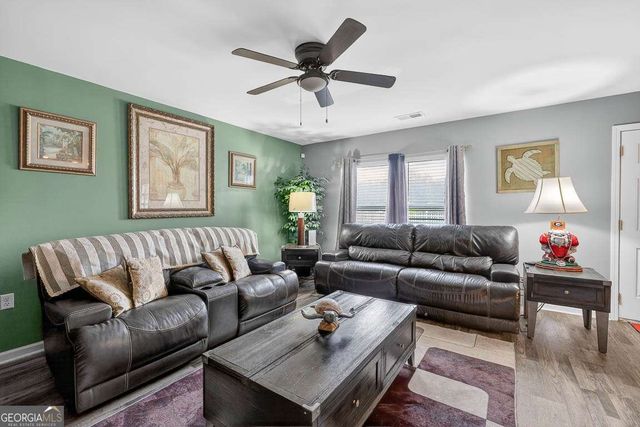 193 Saddle Brooke Trace, Brunswick, GA 31525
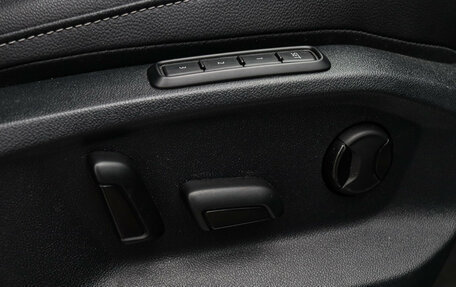 Volkswagen Tiguan II, 2021 год, 3 900 000 рублей, 14 фотография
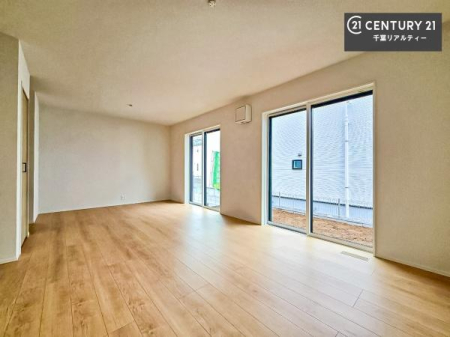 ���r���O �傫�ȑ����炽���Ղ�̗z���������閾�邢���r���O�B�J�����̂��郊�r���O�ŉƑ��c���̂��났�̎��Ԃ��߂����܂��I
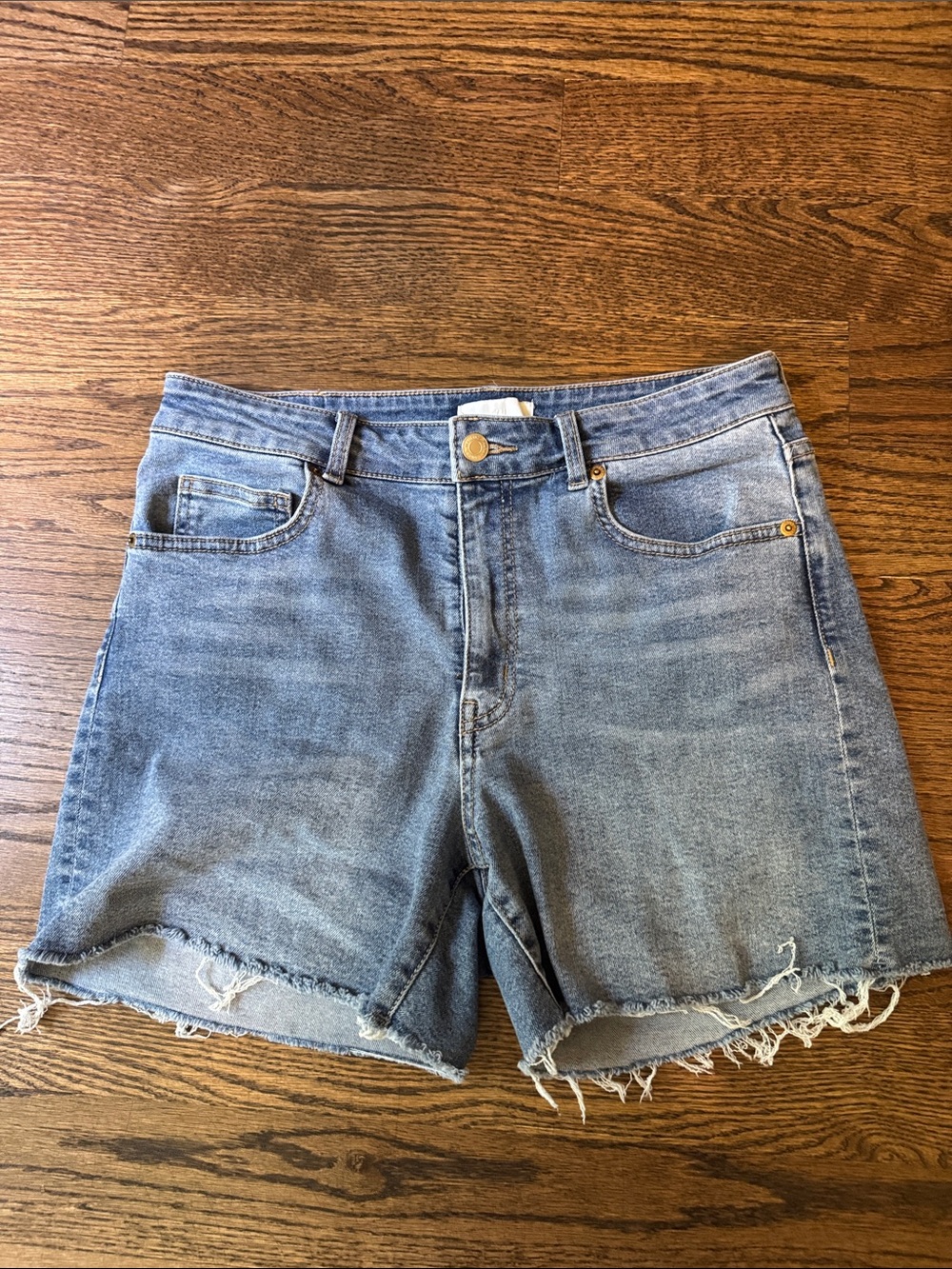 H&M Women denim shorts frayed hem size 10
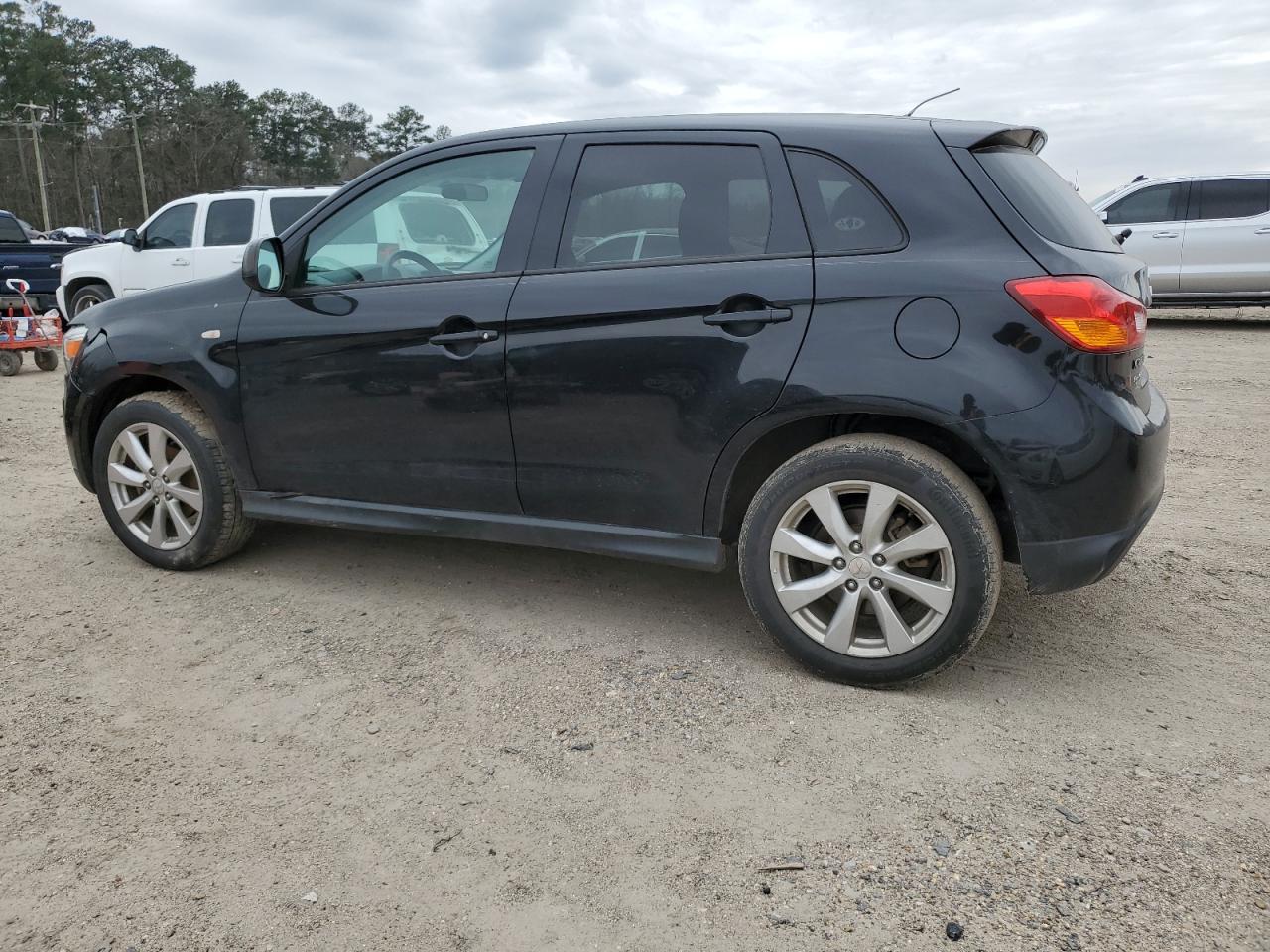 2015 Mitsubishi Outlander - Image 2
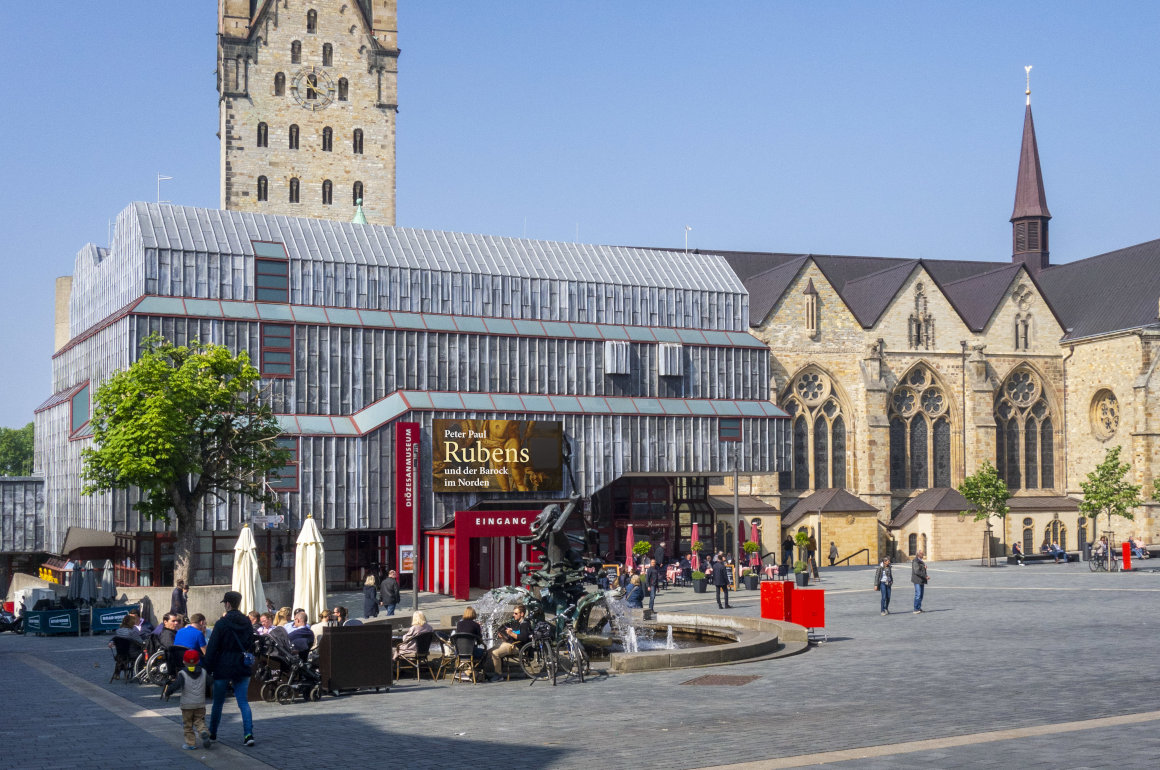 Diözesanmuseum Paderborn mit Dom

========================================

* TASK DESCRIPTION
Copy nothing outside the span: please output the lines from the one with "2015 Mitsubishi Outlander - Image 2" through the end of the entries above, and skip the pictures.

* OUTPUT OF THE EXERCISE
 2015 Mitsubishi Outlander - Image 2
 Diözesanmuseum Paderborn mit Dom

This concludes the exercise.